Example output (pretty format):

Asymptotic MK Test Results:
  Asymptotic α: 0.5723 (95% CI: 0.4879 - 0.6567)
  Divergence: Dn=18828, Ds=49857
  Polymorphism: Pn=7843, Ps=25083
  Sites: Ln=42137.50, Ls=14752.83
  omega: 0.2189 (omega_a=0.1252, omega_na=0.0936)
    omega_a 95% CI:  (0.1068, 0.1437)
    omega_na 95% CI: (0.0751, 0.1119)
  Fit (exponential): α(x) = 0.6612 + (-0.4521) * exp(-3.214 * x)

The Alpha(x) Plot

The --plot-asymptotic option generates a visualization showing:

Scatter points: Observed α values at each frequency bin
Fitted curve: Exponential or linear fit
Horizontal band: Asymptotic α estimate with 95% CI
X-axis: Derived allele frequency
Y-axis: α(x)

This plot helps assess:

Whether α(x) increases with frequency (expected pattern)
The quality of the curve fit
How much deleterious polymorphism affects lower frequencies

Frequency Cutoffs

The --freq-cutoffs option controls which frequency bins are used for curve fitting:

# Fit using bins between 10% and 90% frequency (default)
mkado batch alignments/ -i sp1 -o sp2 -a --freq-cutoffs 0.1,0.9

# Stricter cutoffs for noisy data
mkado batch alignments/ -i sp1 -o sp2 -a --freq-cutoffs 0.2,0.8

This does not exclude polymorphisms from the total counts — it only affects which bins inform the curve fit. Extreme frequency bins often have sparse data and can destabilize the fit.

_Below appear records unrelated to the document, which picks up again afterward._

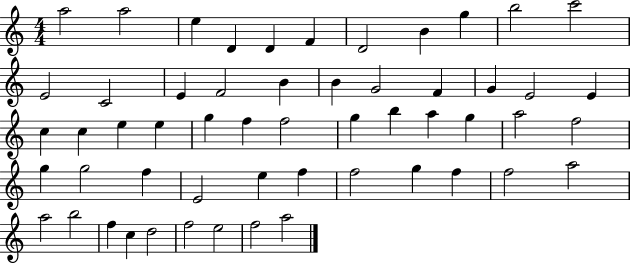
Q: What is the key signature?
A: C major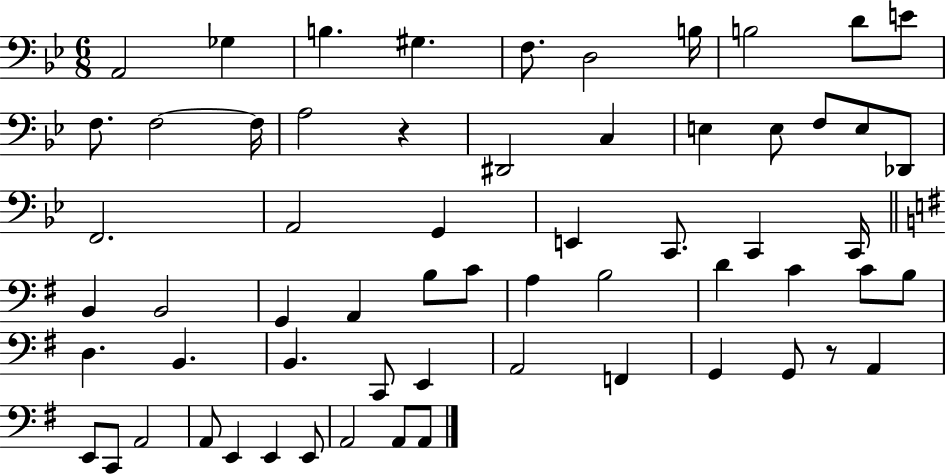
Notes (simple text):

A2/h Gb3/q B3/q. G#3/q. F3/e. D3/h B3/s B3/h D4/e E4/e F3/e. F3/h F3/s A3/h R/q D#2/h C3/q E3/q E3/e F3/e E3/e Db2/e F2/h. A2/h G2/q E2/q C2/e. C2/q C2/s B2/q B2/h G2/q A2/q B3/e C4/e A3/q B3/h D4/q C4/q C4/e B3/e D3/q. B2/q. B2/q. C2/e E2/q A2/h F2/q G2/q G2/e R/e A2/q E2/e C2/e A2/h A2/e E2/q E2/q E2/e A2/h A2/e A2/e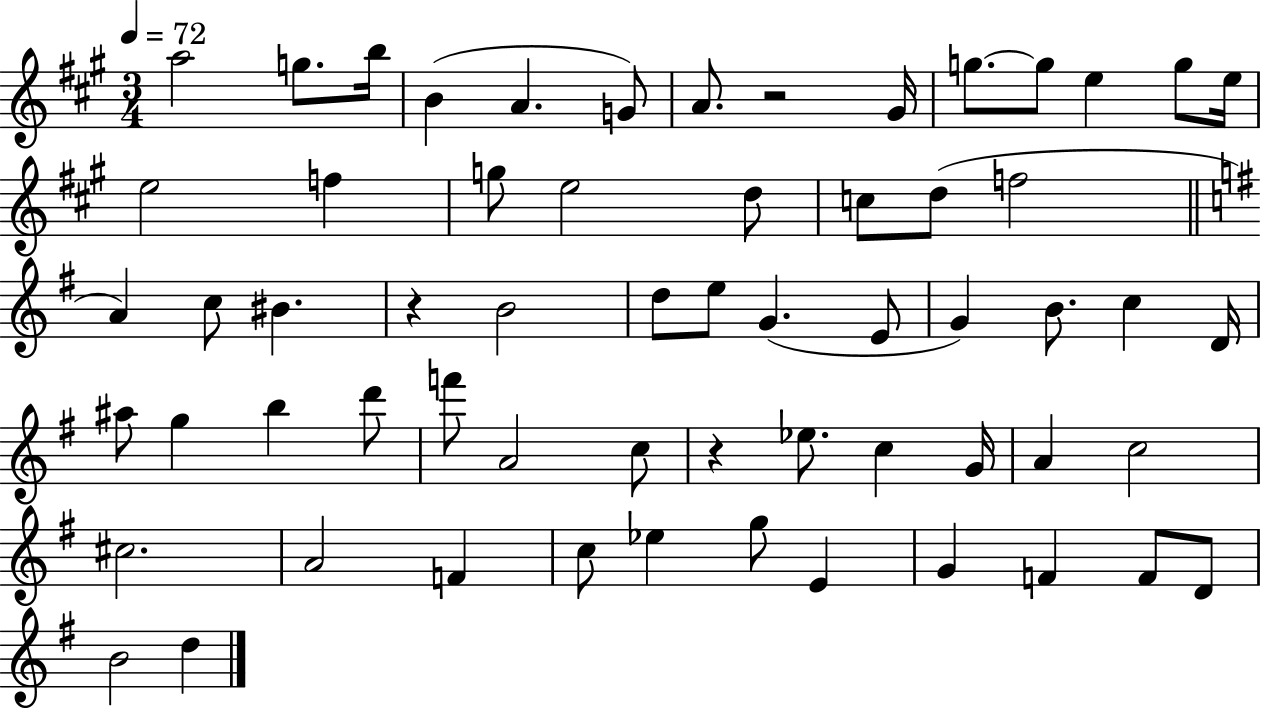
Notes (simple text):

A5/h G5/e. B5/s B4/q A4/q. G4/e A4/e. R/h G#4/s G5/e. G5/e E5/q G5/e E5/s E5/h F5/q G5/e E5/h D5/e C5/e D5/e F5/h A4/q C5/e BIS4/q. R/q B4/h D5/e E5/e G4/q. E4/e G4/q B4/e. C5/q D4/s A#5/e G5/q B5/q D6/e F6/e A4/h C5/e R/q Eb5/e. C5/q G4/s A4/q C5/h C#5/h. A4/h F4/q C5/e Eb5/q G5/e E4/q G4/q F4/q F4/e D4/e B4/h D5/q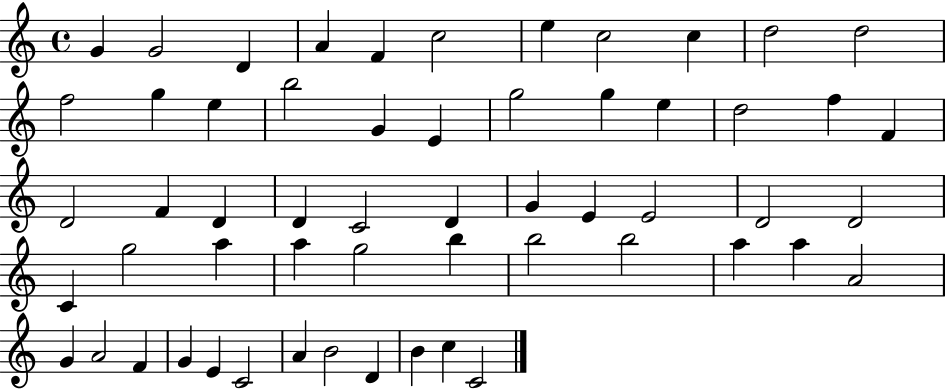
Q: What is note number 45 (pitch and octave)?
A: A4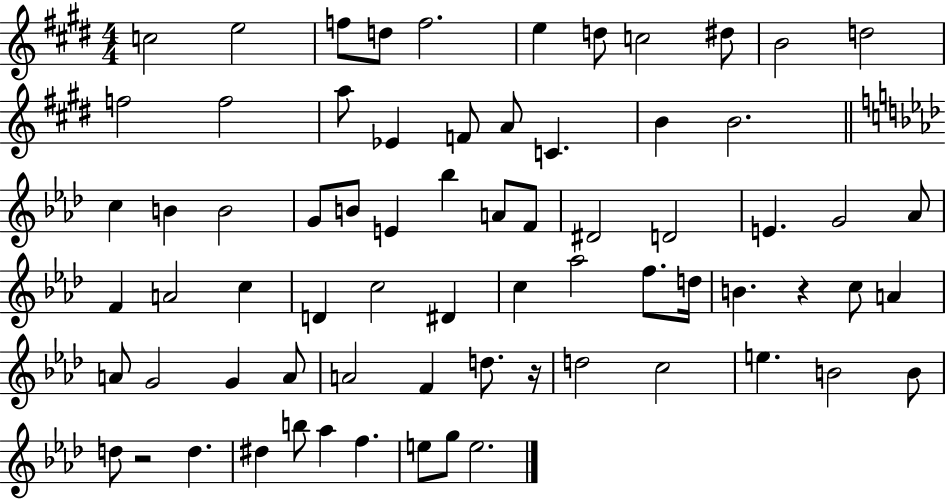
C5/h E5/h F5/e D5/e F5/h. E5/q D5/e C5/h D#5/e B4/h D5/h F5/h F5/h A5/e Eb4/q F4/e A4/e C4/q. B4/q B4/h. C5/q B4/q B4/h G4/e B4/e E4/q Bb5/q A4/e F4/e D#4/h D4/h E4/q. G4/h Ab4/e F4/q A4/h C5/q D4/q C5/h D#4/q C5/q Ab5/h F5/e. D5/s B4/q. R/q C5/e A4/q A4/e G4/h G4/q A4/e A4/h F4/q D5/e. R/s D5/h C5/h E5/q. B4/h B4/e D5/e R/h D5/q. D#5/q B5/e Ab5/q F5/q. E5/e G5/e E5/h.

Comparison with Other Methods

Method	Corrects for	Best used when
Standard α	Nothing	Quick assessment; comparing specific genes
Imputed MK	Weakly deleterious mutations (by imputation)	Gene-level analyses; maximizing power with limited data
α_TG	Sample size heterogeneity across genes	Multi-gene analysis with minimal deleterious load
Asymptotic α	Weakly deleterious mutations	Most genome-wide analyses (recommended default)

Typical pattern across methods:

Standard α is often negative due to excess Pn from deleterious mutations
α_TG is less biased by gene sample size but still affected by deleterious load
Asymptotic α is typically higher and positive, revealing adaptive substitutions

When to Use Asymptotic α

Use asymptotic α when:

Analyzing genome-wide or multi-gene data
Weakly deleterious mutations are a concern (most analyses)
You need the most accurate estimate of adaptive substitution rate
You have sufficient polymorphism data (hundreds of segregating sites)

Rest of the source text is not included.